I ragazzi della Frassati in gita a Santa Severina

È dal 2004 che  la Fondazione D’Ettoris  premia due classi, particolarmente meritevoli, con una gita in uno dei paesi della nostra Calabria con lo scopo di incrementare il turismo e di far conoscere  agli alunni e ai docenti i beni culturali del nostro territorio. Un’esperienza unica, voluta fortemente dal fondatore Pino D’Ettoris, in seguito ad un’intervista fatta da Gad Lerner a quest’ultimo. Gli veniva chiesto: “quali città o paesi un turista avrebbe dovuto visitare venendo in Calabria”. La risposta lineare, ma non ovvia del fondatore fu:”tutti quei paesi minori che minori non sono per la loro storia”. Da allora, numerosi sono statti i paesi visitati grazie anche al prezioso aiuto delle amministrazioni comunali che hanno collaborato per alimentare nelle nuove generazioni l’amore per il passato e la tradizione.

Quest’anno la scelta è stata quella del bellissimo borgo di Santa Severina. Le classi che si sono distinte per aver maggiormente frequentato la biblioteca Pier Giorgio Frassati  nell’anno scolastico 2016/2017 e 2018/2019 sono state: la 3° A della scuola “M. Montessori” e la II B con quattro studentesse del I e IV C del Liceo Linguistico “Gravina”, rispettivamente accompagnate dalle insegnanti Maria Mazza, Cinzia Ruggiero, Catia Franco e Stefania Pizzuto, nonché dalla bibliotecaria dott.ssa Maria Grazia D’Ettoris. La gita si è svolta martedì 7 maggio; gli alunni giunti a Santa Severina con un autobus messo a disposizione dalla Fondazione D’Ettoris, sono stati gentilmente accolti dalle guide culturali Fernando Pansa e Rosa Procopio, messe a disposizione dal sindaco dott. Salvatore Giordano che ha garantito anche l’ingresso gratuito ai ragazzi presso il suggestivo Castello. Qui gli studenti hanno potuto osservare sale meravigliose e vestiti medievali, che tra l’altro sono stati indossati lo scorso primo maggio per una sfilata in costume storico. Tra i luoghi di visita sono rientrati inoltre il Museo Diocesano, situato nel Palazzo Arcivescovile, e il Battistero. Il Museo custodisce le reliquie di alcuni Santi e importanti raccolte di Arte Sacra. Il Battistero che risale, con grande probabilità, ai secoli IX e X, è il più antico monumento ecclesiastico aperto al pubblico in Calabria. Interessante è stata, inoltre, la stanza dei vescovi, dove i visitatori hanno potuto ammirare gli stemmi e le stanze dove sono riposte le statue di san Giuseppe e di san Michele Arcangelo.

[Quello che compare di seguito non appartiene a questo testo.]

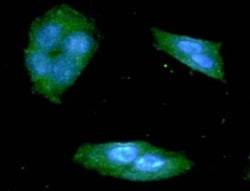 TREM2 Antibody (2B5) - BSA Free, Novus Biologicals:Antibodies:Primary Antibodies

Gli studenti dopo un po’ di riposo nella bella piazza del paese, hanno potuto rifocillarsi presso una mensa scolastica  con un pranzo offerto dalla amministrazione comunale.

È importante osservare come lo scambio culturale, tra la Fondazione D’Ettoris e i comuni ospitanti, arricchisca gli studenti, e doni loro un bagaglio di informazioni e di curiosità che va ben oltre la didattica tradizionale.

Si tratta di iniziative costruttive, attraverso le quali i ragazzi possono coniugare l’interesse per le biblioteche e per la lettura con l’esplorazione del nostro territorio. In tal modo questi studenti avranno la possibilità di divenire, da adulti, persone rispettose della nostra cultura e della nostra storia.

E i risultati cominciano a farsi vedere da adesso: gli studenti della scuola M. Montessori hanno ringraziato con bellissime parole la Biblioteca Frassati, la Dott.ssa Maria Grazia D’Ettoris e la loro insegnante, per la partecipazione al progetto “Le fate e le principesse vanno in biblioteca”, e il sindaco di Santa Severina per l’affettuosa ospitalità.